▸ **Information provided**:
****************************************

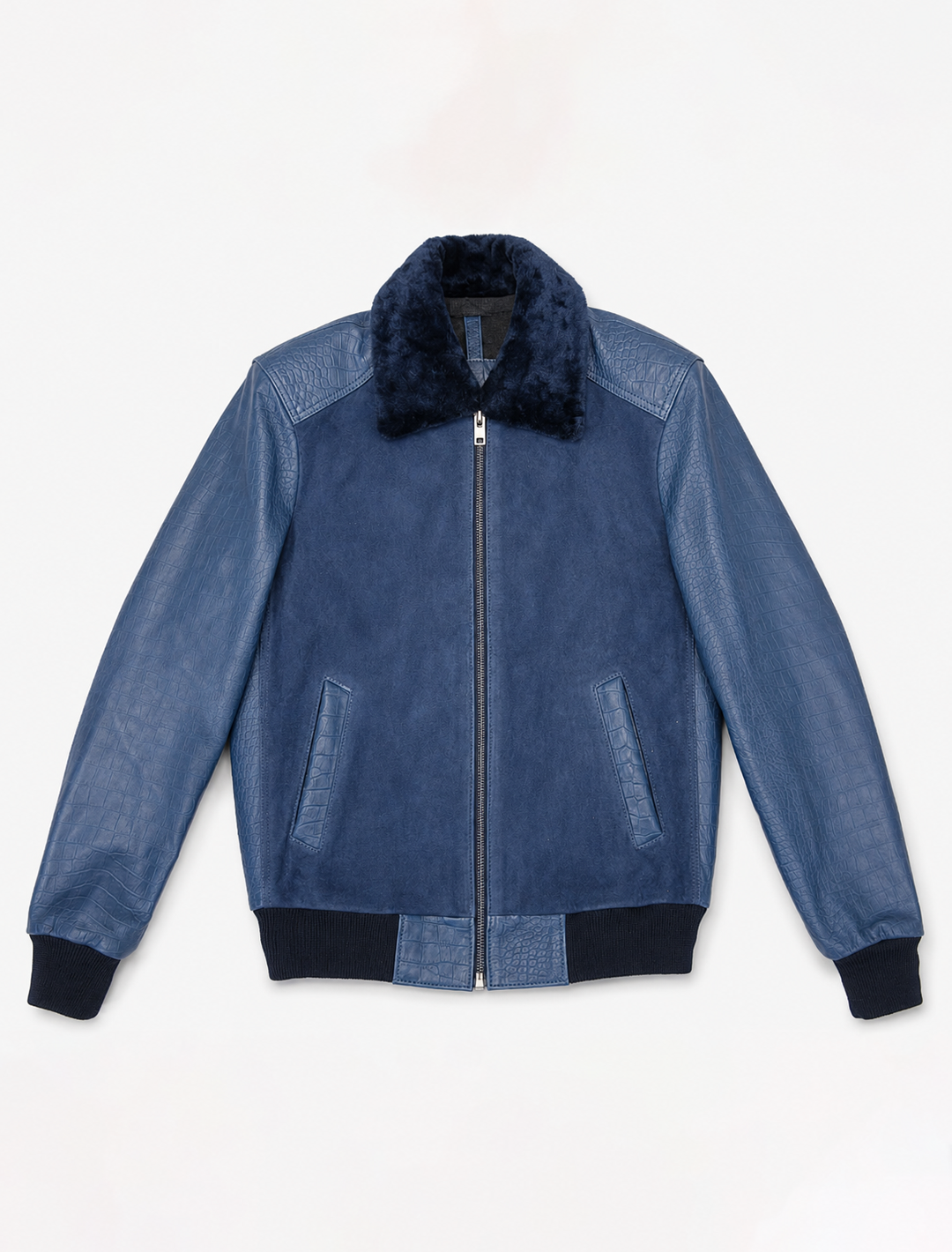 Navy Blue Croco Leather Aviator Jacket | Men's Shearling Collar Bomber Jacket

****************************************

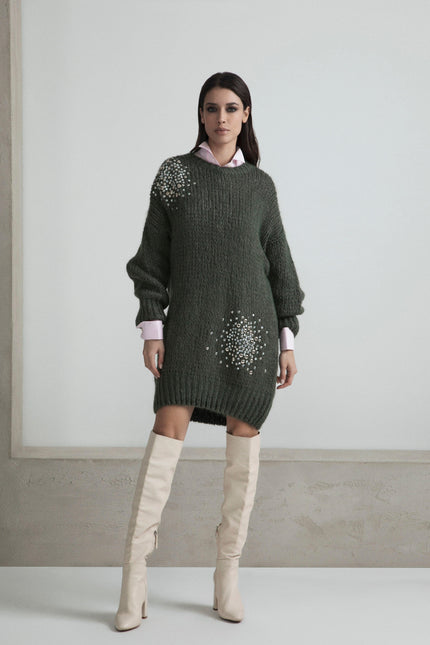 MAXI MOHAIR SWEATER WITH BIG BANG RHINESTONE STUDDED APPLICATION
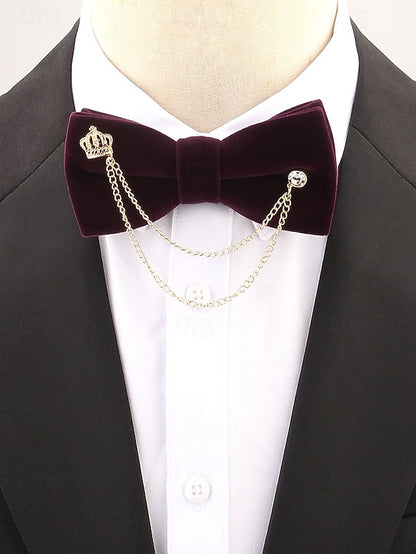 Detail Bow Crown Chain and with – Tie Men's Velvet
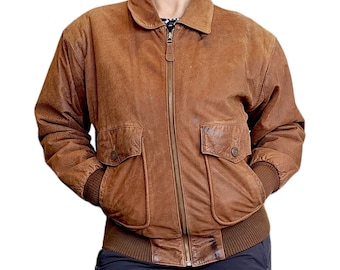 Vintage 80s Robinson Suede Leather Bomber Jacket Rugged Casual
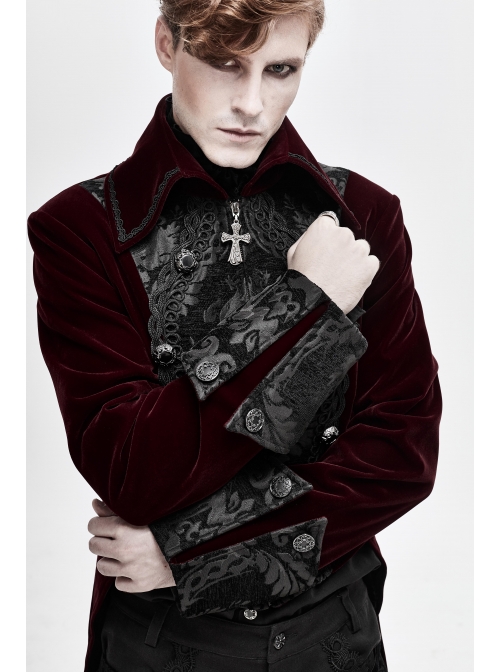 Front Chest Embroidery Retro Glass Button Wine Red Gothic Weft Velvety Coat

****************************************

▸ **Instructions for the task**:
Nothing except the lines from the one containing "Vintage 80s Robinson" through the one containing "Front Chest Embroidery" should appear in the answer, exactly as above and without pictures.

▸ **Response for this exercise**:
 Vintage 80s Robinson Suede Leather Bomber Jacket Rugged Casual
 Front Chest Embroidery Retro Glass Button Wine Red Gothic Weft Velvety Coat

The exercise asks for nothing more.